Heri mengatakan, di tengah serbuan "kopi gelombang ketiga", La Tazza termasuk kafe kecil. Dalam sehari, paling banter ia menyangrai 5 kilogram biji kopi untuk konsumsi di kedai. "Masih banyak yang lebih besar," katanya.
Salah satu kedai kopi lokal yang menonjol adalah Anomali Coffee. Kedai ini didirikan oleh Irvan Helmi dan Muhammad Abgari pada 2007. "Orang boleh bilang Anomali itu kafe," ucap Irvan. "Tapi, sejak awal berdiri, kami mendeklarasikan diri sebagai kurator kopi lokal."
Anomali, kata Irvan, muncul ketika orang-orang masih mendewakan kopi dari luar negeri. Sejak awal, Anomali berikrar hanya akan mengambil kopi dari petani lokal. Alasannya sederhana. Irvan ingin menaikkan daya saing petani dari Indonesia. "Toh, kopi Indonesia juga enak," ujarnya.
Bisnis Anomali berkembang pesat. Sebelas tahun setelah berdiri, Anomali melahirkan tiga anak usaha. Pertama, Anomali sebagai kedai kopi. Saat ini Anomali memiliki sepuluh cabang di Jakarta dan Bali. Berikutnya, kafe ini juga memiliki lini khusus untuk pendidikan kopi, yakni Indonesia Coffee Academy. Baik kafe maupun akademi menyerap 1 ton kopi per bulan.
Anak usaha yang terakhir adalah PT Kopi Asli Indonesia. Perusahaan ini memasok kopi ke 150-an pelanggan, seperti rumah makan, hotel, bioskop, bahkan sesama kedai kopi. Selain itu, perusahaan ini mengimpor alat-alat seduh, termasuk mesin espresso.
Irvan mengatakan keberhasilan Anomali tidak lepas dari gaya hidup generasi milenial. "Mereka sudah menganggap kedai kopi sebagai kantor," katanya. "Anak-anak ini merasa kantor itu bisa di mana saja dan kedai kopi selalu menjadi tujuan." Bahkan pola ngantor di kedai kopi, menurut Irvan, sudah terlihat sejak Anomali berdiri.

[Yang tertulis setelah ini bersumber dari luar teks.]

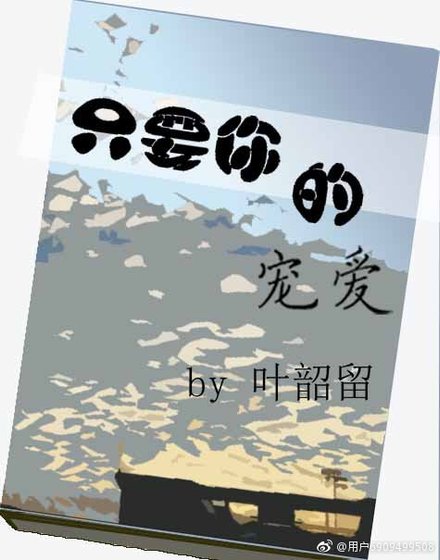 只要你的寵愛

Intan Andini, karyawan Unilever Indonesia, menyebutkan kedai kopi sudah menjadi kantor keduanya. Perempuan 30 tahun ini memilih kafe jika ada pekerjaan yang harus diselesaikan dari luar kantor. "Bahkan, kalau ada tugas ke luar kota, saya lebih dulu mencari kafe," ucap Intan.
Tentu yang dicari bukan sembarang kedai. Intan, yang jatuh hati pada kopi spesialti sejak 2013, punya standar sendiri. Selain tempat yang nyaman dan kopinya harus spesialti, ia menambah syarat lain. Barista alias baracik mesti ramah dan paham pada apa yang disajikan. "Sering sebal kalau ada barista yang ditanya jenis kopi bilang enggak tahu," ujarnya.
Baracik memang menjadi kunci utama dari keberlangsungan kafe. Karena itu, Yoshua Tanu, pemilik kedai Common Grounds, mewajibkan barista di kedainya memahami setiap jenis kopi yang mereka seduh. Yoshua adalah juara tiga kali Indonesia Barista Championship dan semifinalis World Barista Championship 2017 di Seoul, Korea Selatan.
Common Grounds termasuk kafe yang didirikan ketika "kopi gelombang ketiga" meledak. Mulanya Yoshua, yang baru pulang dari Amerika Serikat, mendirikan Pandava Cafe di Epicentrum Walk pada 2012 bersama tiga sahabatnya. Tapi usaha ini gagal. Dua tahun kemudian, Yoshua mendirikan Common Grounds.
Yoshua belajar dari kegagalan Pandava. "Waktu itu hanya jualan kopi. Tidak ada makanan," katanya. Maka Common Grounds tidak hanya menonjolkan kopi, tapi juga santapan. Menurut Yoshua, 65 persen pendapatan kedai berasal dari makanan.
Bisnis Common Grounds melesat. Hanya dalam tiga tahun, kedai ini memiliki sepuluh gerai, satu rumah sangrai, plus akademi kopi. Selain itu, Yoshua mengantongi lisensi kedai St. Ali, yang berlokasi di Setiabudi Building One, Jakarta Selatan. St. Ali adalah gerai kopi kenamaan asal Australia.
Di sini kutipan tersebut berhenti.